Consumers and business people turn to financial advisors at financial advisory firms, broker-dealers, wirehouses and banks to manage their investment portfolios. But many of these financial professionals have an Achilles Heel: They lack expertise in life insurance products and life insurance-funded planning their clients need. Enter Saybrus Partners, a five-year-old company whose consultants help advisors fulfill these needs with insurance solutions for basic protection, as well for income, estate and business planning. To learn more about the company, LifeHealthPro Senior Editor Warren S. Hersch recently interviewed Kevin Kimbrough, the company's principal of national sales. The following are excerpts.

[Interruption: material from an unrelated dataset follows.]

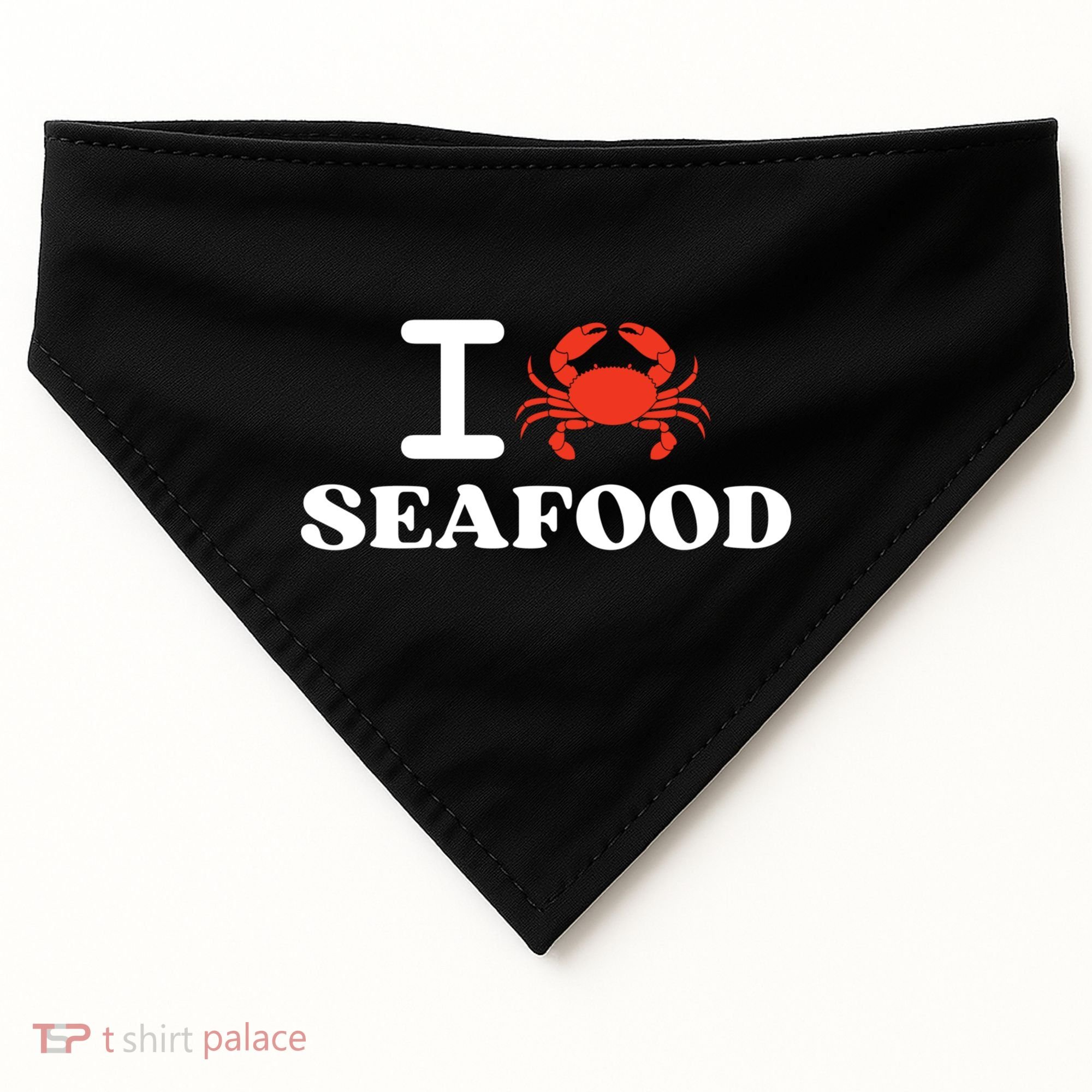 I Love Seafood Crab Shellfish National Seafood Month Gift USA-Made Doggie Bandana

Hersch: How has Saybrus Partners positioned itself in the life insurance space? What's the company's niche?
Kimbrough: I describe us as a life insurance partnership firm. We have 75 to 80 consultants nationwide to assist non-traditional producers make life insurance products and life insurance-funded planning a part of their business. If you're a financial advisor at a bank, broker-dealer or wirehouse, you're focused on assets under management and wealth management, but life insurance is not a core competency. Our folks explore how the needs of their clients — mostly the high net worth and the mass affluent, but also people in the middle market — can be addressed by life insurance. Then we help build a financial plan around the product.
Our clients mainly include advisors at the financial services firms Edward Jones, OppenheimerFunds, Wells Fargo and Farmers Insurance. Right now, we're not active in the [registered investment advisor] space, though it is an area we're examining. Given RIAs' focus on investment advice, they're good examples of people we can assist.

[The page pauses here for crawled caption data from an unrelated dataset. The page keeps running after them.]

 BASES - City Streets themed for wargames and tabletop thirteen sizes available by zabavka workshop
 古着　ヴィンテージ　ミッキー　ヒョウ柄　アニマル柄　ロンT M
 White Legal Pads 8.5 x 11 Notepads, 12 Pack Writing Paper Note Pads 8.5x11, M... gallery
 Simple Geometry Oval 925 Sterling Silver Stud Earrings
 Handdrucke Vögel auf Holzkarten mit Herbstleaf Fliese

Hersch: Saybrus Partners is, I understand, is a spin-off of The Phoenix Companies? Do you sell their insurance products?
Kimbrough: No. Phoenix is an equity investor in Saybrus Partners, but we were not set up to drive sales of their insurance products. We distribute The Phoenix Companies' annuities in other spaces, but we operate mainly as distribution partner of other carriers.
Thus, we assist Farmers in selling their insurance products. For Edward Jones, we sell John Hancock and Pacific Life solutions. At Wells Fargo, we represent John Hancock, Pacific Life and probably 6 to 8 other carriers.

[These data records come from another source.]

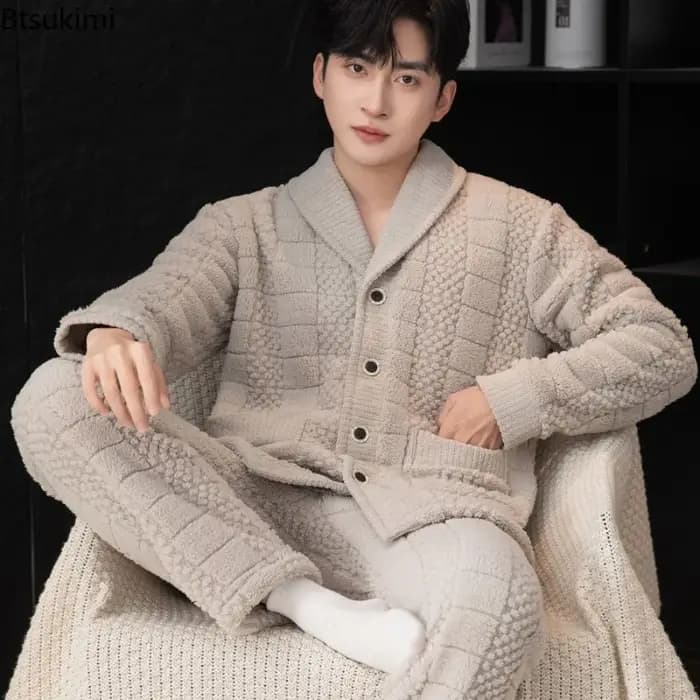 Nouveaux ensembles de pyjama en flanelle pour hommes automne et hiver épaissir chaud ample décontracté Homewear corail velours hauts + pantalons mâle costume de nuit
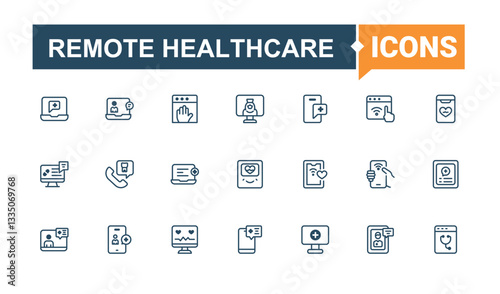 Set of Remote Healthcare line icon. Pack of medicine, consultation, virtual, phone, care and more. Telemedicine line icon. Minimalist icons collection. Vector illustration in modern line style.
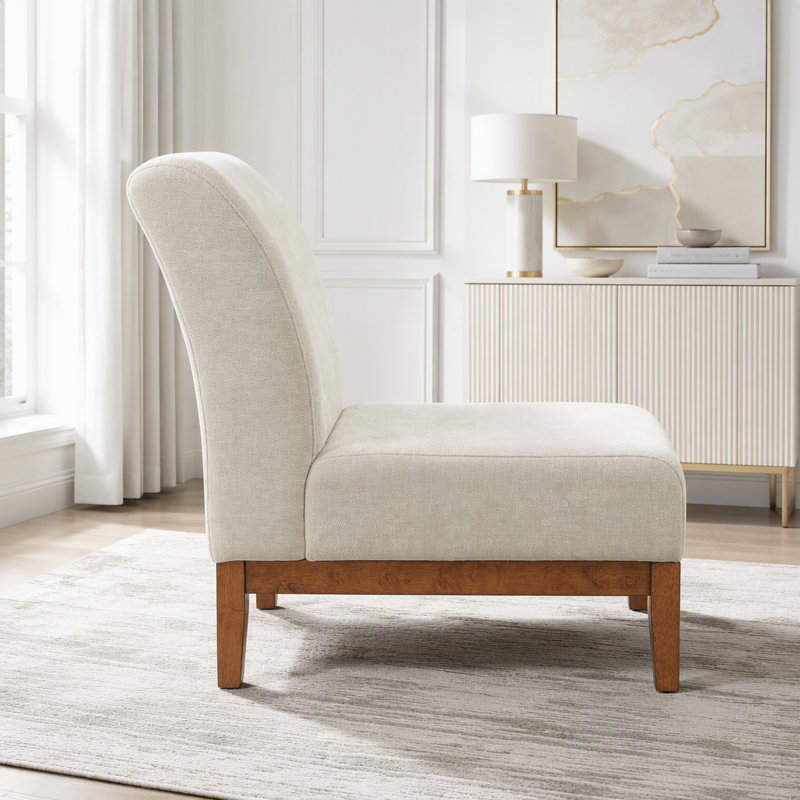 Chaise d'appoint Modern - fauteuil d'appoint rembourré en tissu beige avec structure de couleur noyer, capacité de 300 lb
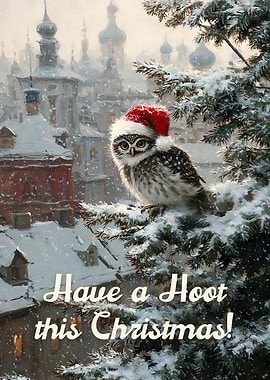 Have a Hoot This Christmas - Owl in Snowy Cityscape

Hersch: Do your advisors have a greater interest in certain life products than others?
Kimbrough: We tailor our life insurance offerings to our partners' business models. Edward Jones has not approved indexed universal life products, so we sell only traditional fixed universal life and variable UL products to their clients.
Wells Fargo is comfortable with indexed products, so we do sell these solutions in their space. Farmers doesn't don't market an indexed product, but later this year the company will be introducing one. We also sell whole life solutions for Farmers. The majority of sales is fixed UL and, where approved, indexed UL.
Hersch: How is your product mix changing? What's growing or declining in demand?
Kimbrough: Over the last five years, we've been selling fewer VUL products. Conversely, the growing popularity of indexed UL products has been reflected in our own increased sales.
The greatest demand is for UL products with optional long-term care, accelerated death benefit, critical illness and chronic illness riders. These riders are popular because they do multiple-duty: If clients need an LTC or critical illness benefit, they can access it; if they don't need it, they still have the death benefit and the cash value.
The nice thing about having a multi-carrier platform is the ability to provide the products that best meet the clients' needs, whether the focus is cash accumulation, the death benefit or additional living benefits. And by offering products from multiple carriers, we're seen as objective in our product recommendations and focused on serving their clients' best interests.
Hersch: Which companies do you regard as your main competitors in your space?
Kimbrough: A number of small, regionalized general agencies offer point-of-sale support for non-traditional life insurance advisors. In terms of a national footprint, we compete against Time Financial, Highland Capital Brokerage and Capitas Financial.